Exercise requirements —
Every entry, from first to last, is to be retyped without any alteration.

----

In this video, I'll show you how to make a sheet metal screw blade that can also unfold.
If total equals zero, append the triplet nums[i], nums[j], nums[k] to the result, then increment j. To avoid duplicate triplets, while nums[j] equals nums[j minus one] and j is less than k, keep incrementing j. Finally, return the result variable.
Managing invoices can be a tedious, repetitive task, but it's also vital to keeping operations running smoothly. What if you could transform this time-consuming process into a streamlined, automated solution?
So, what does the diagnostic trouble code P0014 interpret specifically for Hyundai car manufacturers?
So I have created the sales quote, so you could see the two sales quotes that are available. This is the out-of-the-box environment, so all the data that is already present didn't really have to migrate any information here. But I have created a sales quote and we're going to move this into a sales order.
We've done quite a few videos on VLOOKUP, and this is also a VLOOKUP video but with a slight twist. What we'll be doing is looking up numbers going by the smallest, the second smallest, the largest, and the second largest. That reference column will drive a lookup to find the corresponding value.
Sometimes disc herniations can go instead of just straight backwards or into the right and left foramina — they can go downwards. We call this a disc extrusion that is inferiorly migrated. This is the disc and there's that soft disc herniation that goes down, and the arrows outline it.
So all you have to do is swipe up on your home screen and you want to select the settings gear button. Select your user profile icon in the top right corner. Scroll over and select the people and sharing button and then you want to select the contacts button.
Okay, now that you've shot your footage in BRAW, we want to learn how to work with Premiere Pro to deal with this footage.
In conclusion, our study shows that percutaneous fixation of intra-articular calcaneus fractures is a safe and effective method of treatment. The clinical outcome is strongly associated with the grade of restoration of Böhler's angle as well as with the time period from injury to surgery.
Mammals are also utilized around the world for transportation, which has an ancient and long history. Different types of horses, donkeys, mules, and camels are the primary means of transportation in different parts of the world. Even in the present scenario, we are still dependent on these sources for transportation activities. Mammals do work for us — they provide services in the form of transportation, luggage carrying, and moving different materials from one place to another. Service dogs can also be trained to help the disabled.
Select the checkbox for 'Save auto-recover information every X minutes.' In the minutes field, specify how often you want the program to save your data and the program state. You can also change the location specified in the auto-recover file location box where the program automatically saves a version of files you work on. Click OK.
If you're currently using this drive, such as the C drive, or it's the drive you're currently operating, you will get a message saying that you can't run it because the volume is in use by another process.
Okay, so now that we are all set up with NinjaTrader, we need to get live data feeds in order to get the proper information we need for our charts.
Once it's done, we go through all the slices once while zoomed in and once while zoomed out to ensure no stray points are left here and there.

----

Worked solution —
In this video, I'll show you how to make a sheet metal screw blade that can also unfold.
If total equals zero, append the triplet nums[i], nums[j], nums[k] to the result, then increment j. To avoid duplicate triplets, while nums[j] equals nums[j minus one] and j is less than k, keep incrementing j. Finally, return the result variable.
Managing invoices can be a tedious, repetitive task, but it's also vital to keeping operations running smoothly. What if you could transform this time-consuming process into a streamlined, automated solution?
So, what does the diagnostic trouble code P0014 interpret specifically for Hyundai car manufacturers?
So I have created the sales quote, so you could see the two sales quotes that are available. This is the out-of-the-box environment, so all the data that is already present didn't really have to migrate any information here. But I have created a sales quote and we're going to move this into a sales order.
We've done quite a few videos on VLOOKUP, and this is also a VLOOKUP video but with a slight twist. What we'll be doing is looking up numbers going by the smallest, the second smallest, the largest, and the second largest. That reference column will drive a lookup to find the corresponding value.
Sometimes disc herniations can go instead of just straight backwards or into the right and left foramina — they can go downwards. We call this a disc extrusion that is inferiorly migrated. This is the disc and there's that soft disc herniation that goes down, and the arrows outline it.
So all you have to do is swipe up on your home screen and you want to select the settings gear button. Select your user profile icon in the top right corner. Scroll over and select the people and sharing button and then you want to select the contacts button.
Okay, now that you've shot your footage in BRAW, we want to learn how to work with Premiere Pro to deal with this footage.
In conclusion, our study shows that percutaneous fixation of intra-articular calcaneus fractures is a safe and effective method of treatment. The clinical outcome is strongly associated with the grade of restoration of Böhler's angle as well as with the time period from injury to surgery.
Mammals are also utilized around the world for transportation, which has an ancient and long history. Different types of horses, donkeys, mules, and camels are the primary means of transportation in different parts of the world. Even in the present scenario, we are still dependent on these sources for transportation activities. Mammals do work for us — they provide services in the form of transportation, luggage carrying, and moving different materials from one place to another. Service dogs can also be trained to help the disabled.
Select the checkbox for 'Save auto-recover information every X minutes.' In the minutes field, specify how often you want the program to save your data and the program state. You can also change the location specified in the auto-recover file location box where the program automatically saves a version of files you work on. Click OK.
If you're currently using this drive, such as the C drive, or it's the drive you're currently operating, you will get a message saying that you can't run it because the volume is in use by another process.
Okay, so now that we are all set up with NinjaTrader, we need to get live data feeds in order to get the proper information we need for our charts.
Once it's done, we go through all the slices once while zoomed in and once while zoomed out to ensure no stray points are left here and there.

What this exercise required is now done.